On a modern, pulsed spectrometer a 1D NMR spectrum is acquired by applying a 90o pulse and recording the intensity of the magnetisation precessing in the xy-plane. As the magnetisation sweeps towards a detector the measured intensity increases then decreases as the magnetisation moves on, creating a sinusoidal signal. As the magnetisation relaxes back to equilibrium along the z-axis the overall intensity decreases, creating a decaying sinusoidal signal known as the Free Induction Decay (FID). The frequency that the magnetisation rotates in the xy-plane corresponds to the chemical shift. Fourier transformation converts the time-domain FID to a frequency-domain spectrum, as explained in more detail here.

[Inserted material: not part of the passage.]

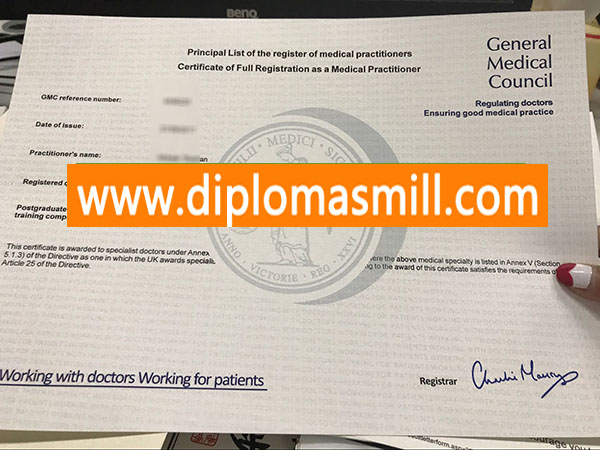 Where to order fake General Medical Council Certificate?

Note that all the data is digitized. The FID is a list of intensity - time pairs that records the signal intensity at regular time intervals, and the spectrum is a list of intensity - frequency pairs.
Two dimensional NMR requires at least two pulses separated by a delay, labelled Δ in the figure below. As the delay is increased different FIDs, and thus spectra, are obtained. Typically the delay is incremented hundreds of times and hundreds of FIDs are recorded. Fourier transformation of all the FIDs produces a collection of 1D spectra where the signals are modulated by the length of the incremented delay.

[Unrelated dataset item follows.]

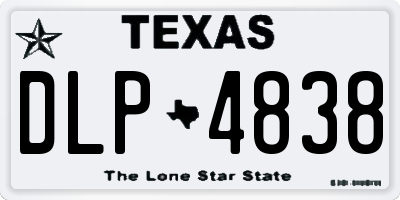 TX license plate DLP4838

Every one of the 1D spectra obtained after the first fourier transform consists of points with three values - intensity, frequency (chemical shift from the first FT), and time (the delay used). Extracting the intensity from the first point in each of the 1D spectra and plotting it against the delay value produces an FID-like signal, known as an interferogram. Repeating this process for the second point, and the third, and so on, produces a collection of interferograms, as shown in the figure below. Fourier transformation of the interferograms converts from the time domain to the frequency domain producing a collection of points that describe intensity at two frequency co-ordinates. In the figure below stack plot representations are used, but more often two-dimensional NMR data is shown as a contour plot.
The key concept here is that the chemical shift signal in the second dimension is recorded one point at a time. Matrix manipulation of the data during processing allows interferograms to be constructed that can be fourier transformed to obtain data points with two frequency co-ordinates.